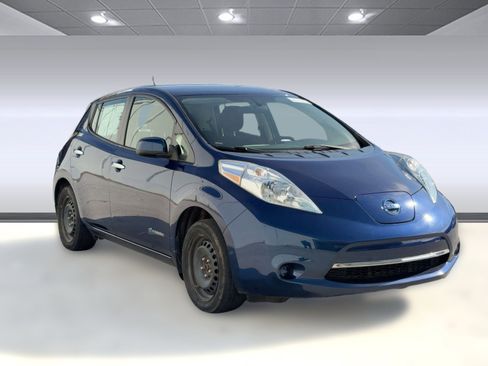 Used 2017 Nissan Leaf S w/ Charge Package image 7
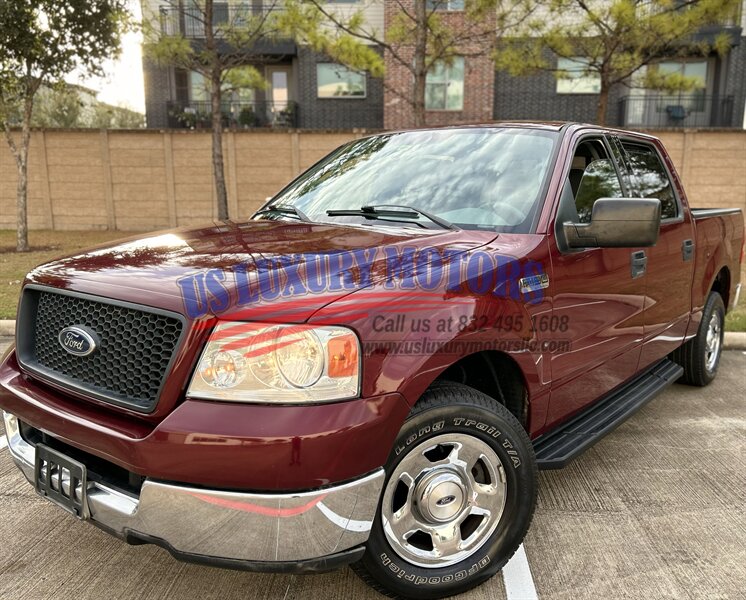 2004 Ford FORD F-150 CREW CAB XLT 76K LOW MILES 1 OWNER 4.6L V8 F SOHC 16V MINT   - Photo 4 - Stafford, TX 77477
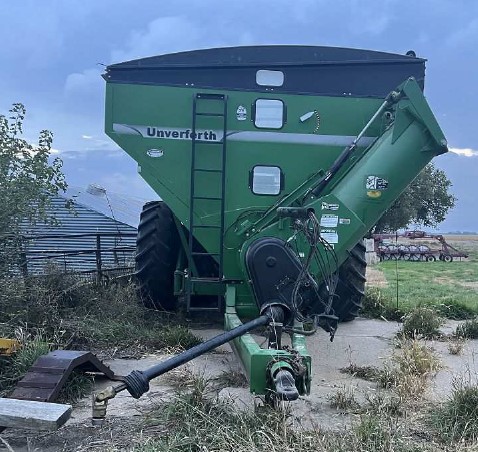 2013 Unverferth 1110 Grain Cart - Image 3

● Problem statement
Every line from the line containing "2004 Ford FORD" through the last line above is to be printed exactly. Pictures are not copied.

● Response for this exercise
 2004 Ford FORD F-150 CREW CAB XLT 76K LOW MILES 1 OWNER 4.6L V8 F SOHC 16V MINT   - Photo 4 - Stafford, TX 77477
 2013 Unverferth 1110 Grain Cart - Image 3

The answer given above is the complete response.